'''

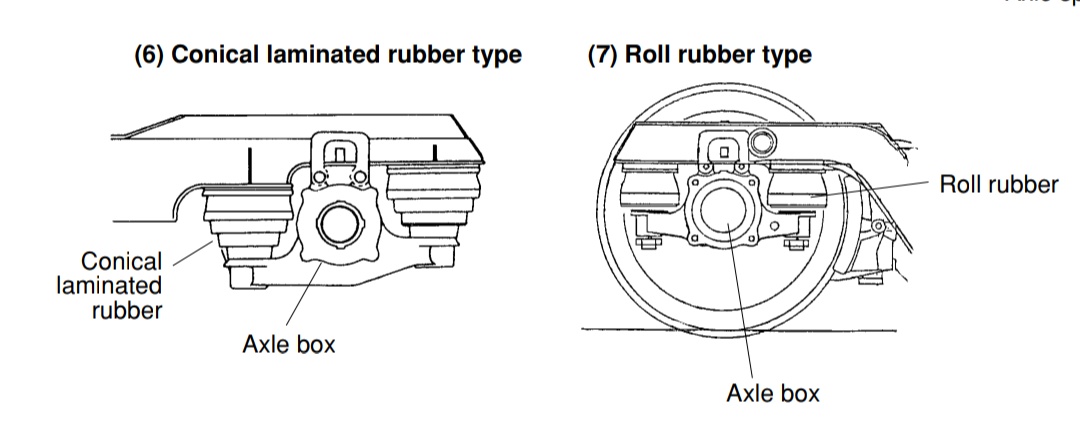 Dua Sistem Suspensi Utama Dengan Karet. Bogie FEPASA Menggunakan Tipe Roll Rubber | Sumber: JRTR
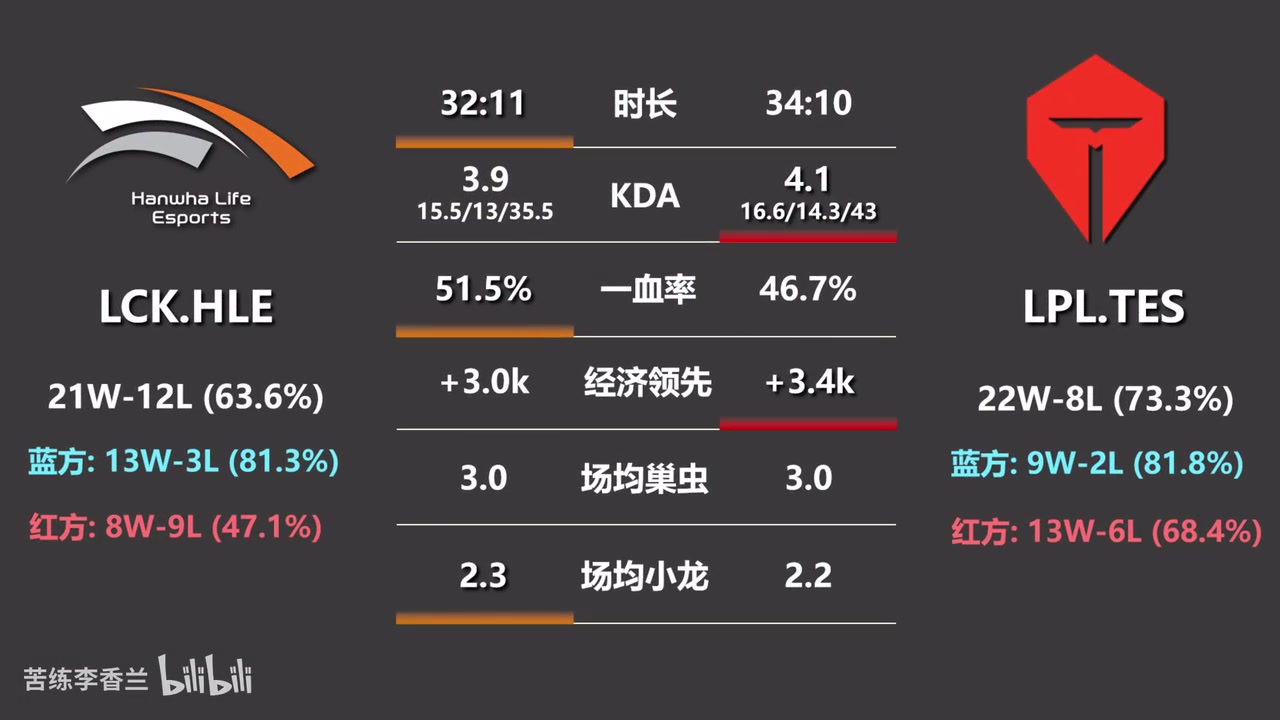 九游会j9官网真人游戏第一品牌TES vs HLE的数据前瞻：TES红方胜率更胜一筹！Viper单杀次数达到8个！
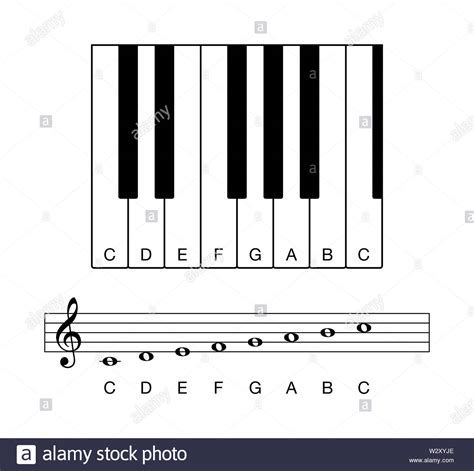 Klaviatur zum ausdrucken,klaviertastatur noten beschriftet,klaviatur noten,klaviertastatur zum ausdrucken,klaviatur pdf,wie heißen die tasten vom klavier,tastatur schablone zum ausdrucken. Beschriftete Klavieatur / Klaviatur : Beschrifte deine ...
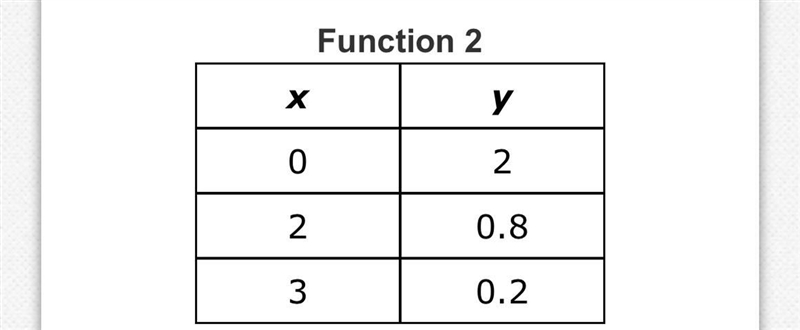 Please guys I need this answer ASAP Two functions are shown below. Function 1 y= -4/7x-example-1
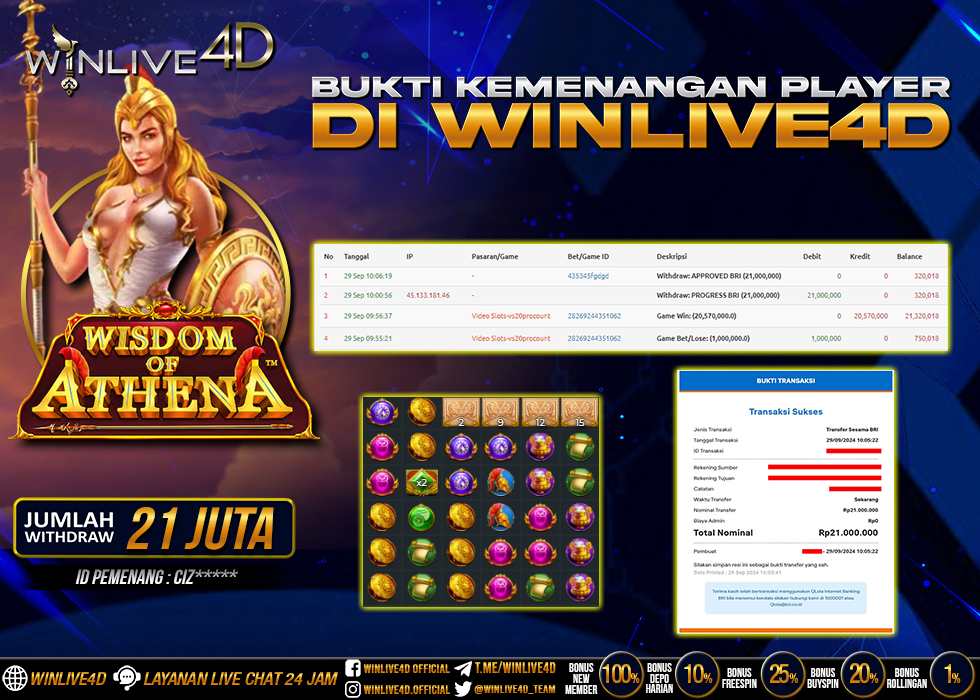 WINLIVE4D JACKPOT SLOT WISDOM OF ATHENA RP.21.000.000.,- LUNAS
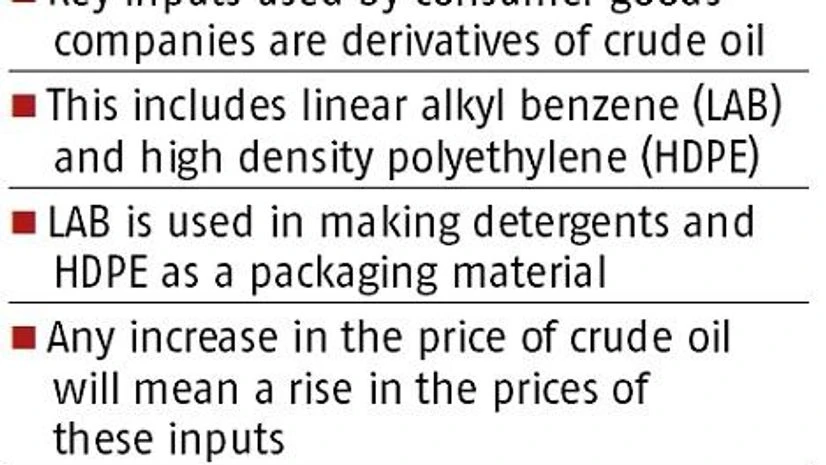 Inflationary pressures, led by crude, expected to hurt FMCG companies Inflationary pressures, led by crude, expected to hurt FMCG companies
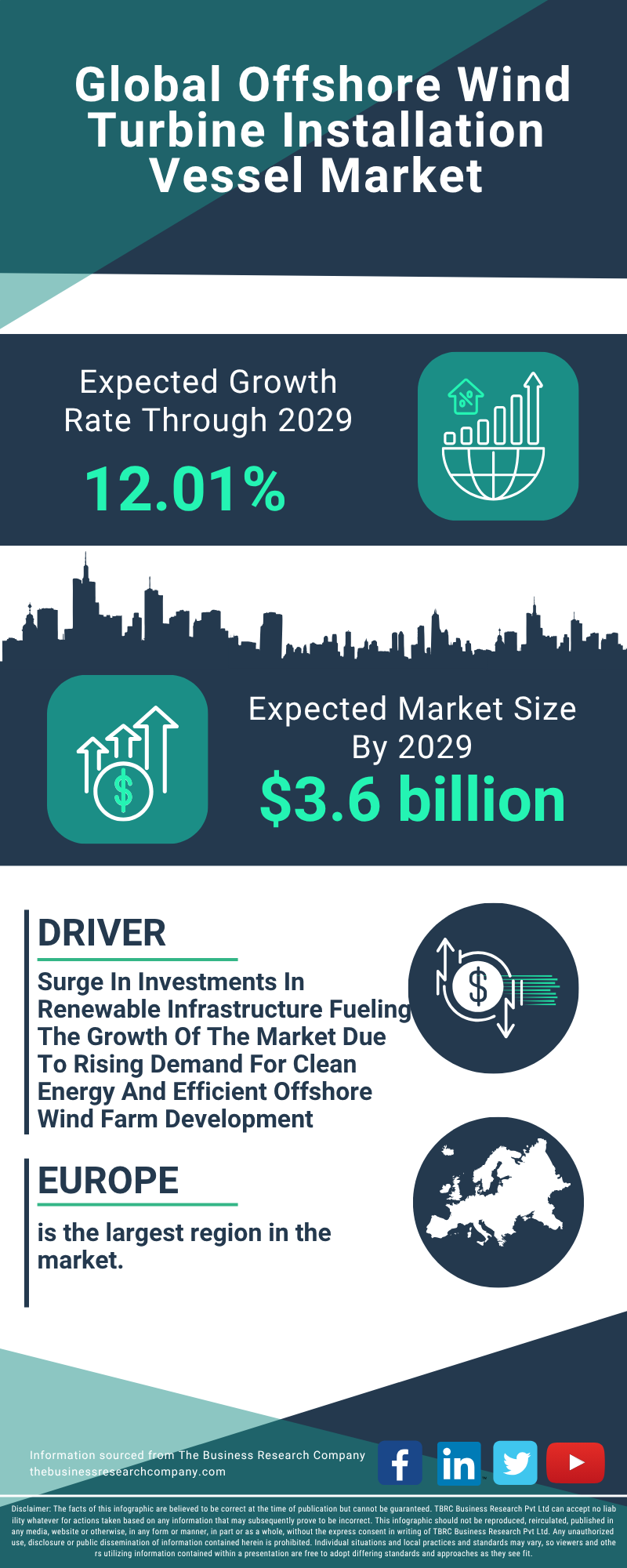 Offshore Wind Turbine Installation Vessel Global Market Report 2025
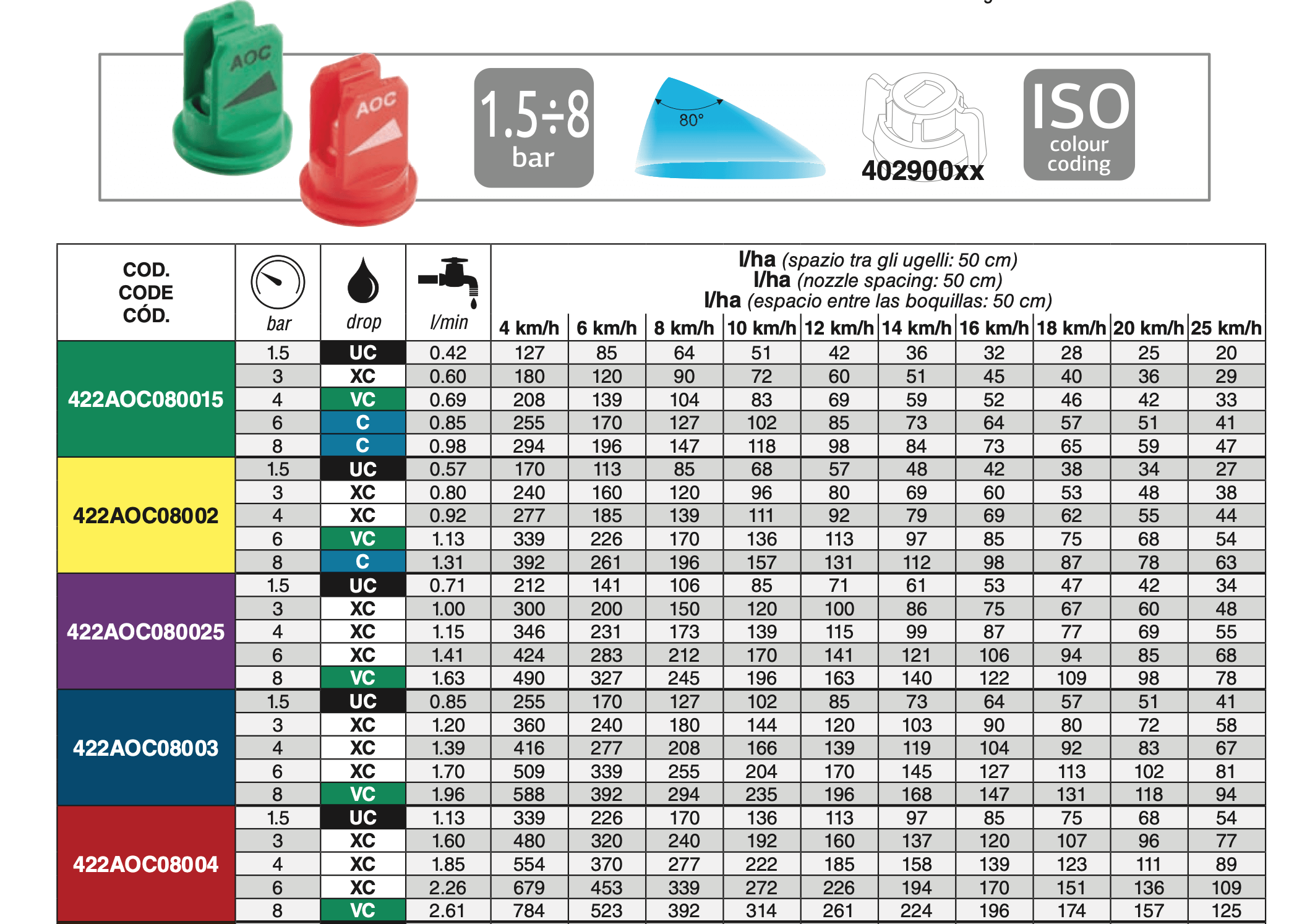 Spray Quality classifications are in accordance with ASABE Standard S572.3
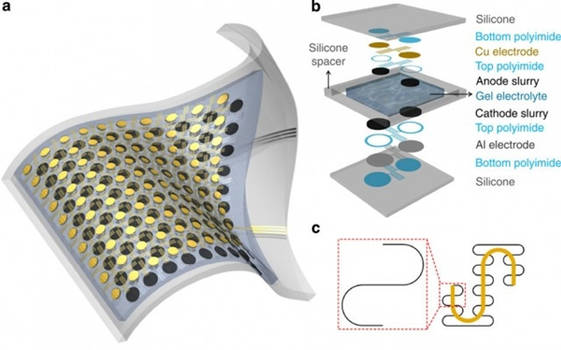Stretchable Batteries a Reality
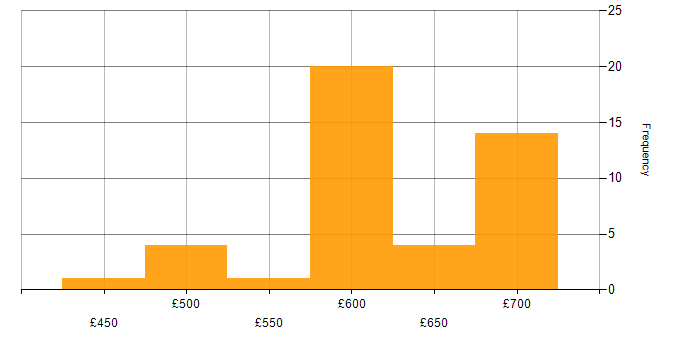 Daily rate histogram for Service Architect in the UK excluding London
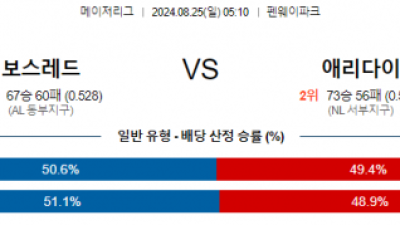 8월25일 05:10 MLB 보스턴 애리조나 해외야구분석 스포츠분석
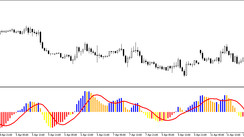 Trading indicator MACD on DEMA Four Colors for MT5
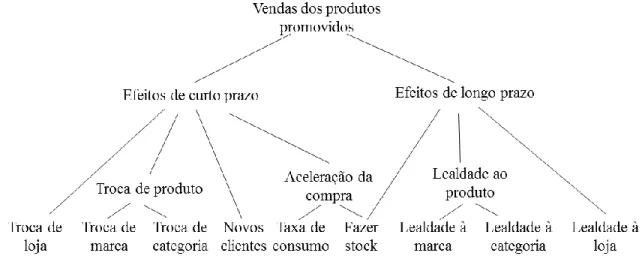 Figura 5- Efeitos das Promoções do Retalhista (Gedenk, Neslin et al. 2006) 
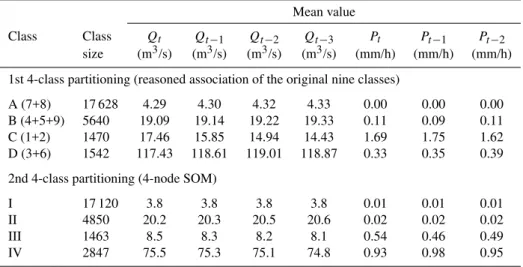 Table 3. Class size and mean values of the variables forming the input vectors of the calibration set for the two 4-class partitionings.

'''

▶ **Task goal**: From the line with "FMCG companies Inflationary" down to the final line of the entries above, repeat each line exactly; omit the pictures.

▶ **Solution for this task**:
 Inflationary pressures, led by crude, expected to hurt FMCG companies Inflationary pressures, led by crude, expected to hurt FMCG companies
 Offshore Wind Turbine Installation Vessel Global Market Report 2025
 Spray Quality classifications are in accordance with ASABE Standard S572.3
Stretchable Batteries a Reality
 Daily rate histogram for Service Architect in the UK excluding London
 8월25일 05:10 MLB 보스턴 애리조나 해외야구분석 스포츠분석
 Trading indicator MACD on DEMA Four Colors for MT5
 Figura 5- Efeitos das Promoções do Retalhista (Gedenk, Neslin et al. 2006) 
 Table 3. Class size and mean values of the variables forming the input vectors of the calibration set for the two 4-class partitionings.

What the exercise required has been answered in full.